5°/ M. Tardieu a eu le tort de se laisser imposer une loi sur les assurances sociales4
dont les parlementaires qui l’ont votée reconnaissent eux-mêmes les lacunes et les difficultés d’exécution. Alors qu’un projet bien étudié eût peut-être consolidé la paix publique, cette improvisation hâtive mécontente tout le monde, suscite des grèves, alourdit à un moment inopportun les charges qui pèsent sur l’industrie et complique, pour le consommateur, le difficile problème de l’existence. Une loi mal faite, qui exige de nombreuses retouches, qui exerce sur la vie du pays des répercussions imprévues et désordonnées, peut suffire à rendre un gouvernement impopulaire, même et peut-être surtout quand elle représente moins la volonté ministérielle qu’une concession arrachée par les adversaires. [...]
On ne peut se dissimuler, ... que l’accueil fait par les Etats intéressés au mémorandum sur un projet d’union européenne5 n’est guère encourageant.

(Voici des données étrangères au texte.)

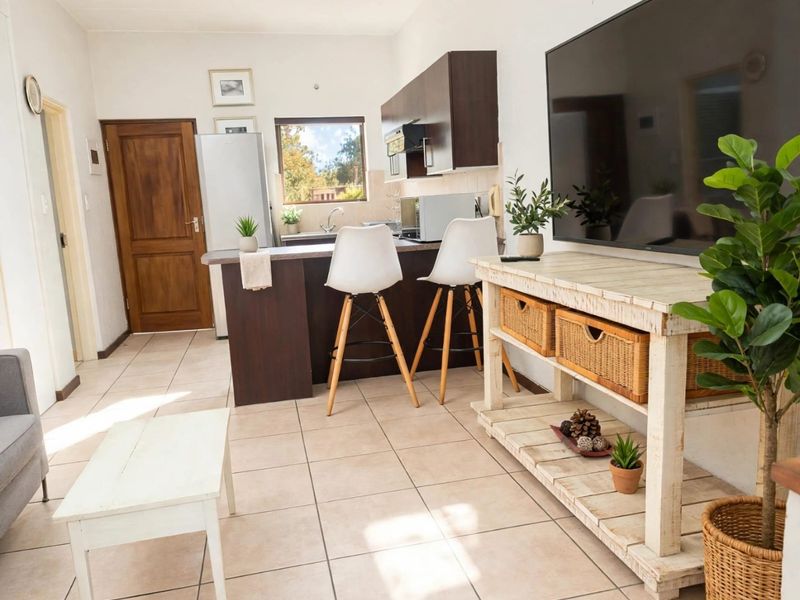 Open-plan living area featuring a functional kitchen with breakfast bar, tiled flooring, and direct access to the rest of the apartment.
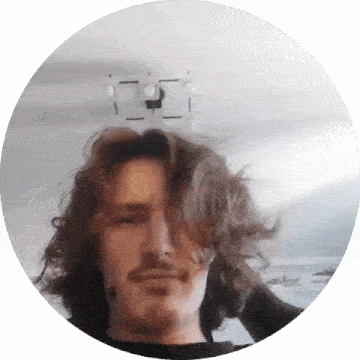 a man with long hair and a beard looks at the camera in a circle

Les Français commencent à s’apercevoir que le prestige de leur ministre des Affaires Etrangères continue à baisser à l’étranger comme en France. Ils semblent s’attendre à ce que l’assemblée de Genève6, en septembre, enregistre une nouvelle baisse. A l’intérieur, M. Briand est actuellement fort compromis par la protection gênante que lui accordent les socialistes. M. Léon Blum n’est-il pas allé jusqu’à prétendre, dans un récent article du Populaire, que c’était M. Poincaré qui avait inventé la candidature de l’homme de Locarno à la présidence de la République afin de lui enlever à coup sûr la direction du Quai d’Orsay?
La réponse britannique au mémorandum sur l’union européenne accentue, chez la plupart des Français, le désir de voir un gouvernement conservateur succéder à Londres au cabinet travailliste. Ils croient que les «tories» seraient plus favorables à une collaboration franco-britannique avantageuse aux deux riverains de la Manche. Ils accusent le «Labour Party» de chercher dans les dissentiments entre nations continentales une revanche aux embarras intérieurs et coloniaux qui affligent l’Empire Britannique. D’aucuns prétendent, en particulier, que M. Mussolini ne se fût jamais livré aux violences de langage auxquelles il recourut en juin dernier s’il n’avait pas été encouragé secrètement par l’Angleterre.
Présentement, les relations franco-italiennes enregistrent cependant une légère détente, mais on est encore loin de l’apaisement définitif.
Les événements qui ont suivi l’évacuation des derniers territoires rhénans occupés7 ramènent le problème allemand au premier rang des préoccupations françaises. Le Mercure de France du 1er août a publié un article anonyme, que l’on attribue à une haute personnalité militaire et qui apporte des précisions assez troublantes sur les préparatifs militaires de l’Allemagne et sur l’activité déployée de l’autre côté du Rhin par les partisans de la revanche. Cet article, qui émeut une fraction importante de l’opinion française, mériterait, me semble-t-il, par son côté technique, d’être signalé à l’attention de notre Etat-Major.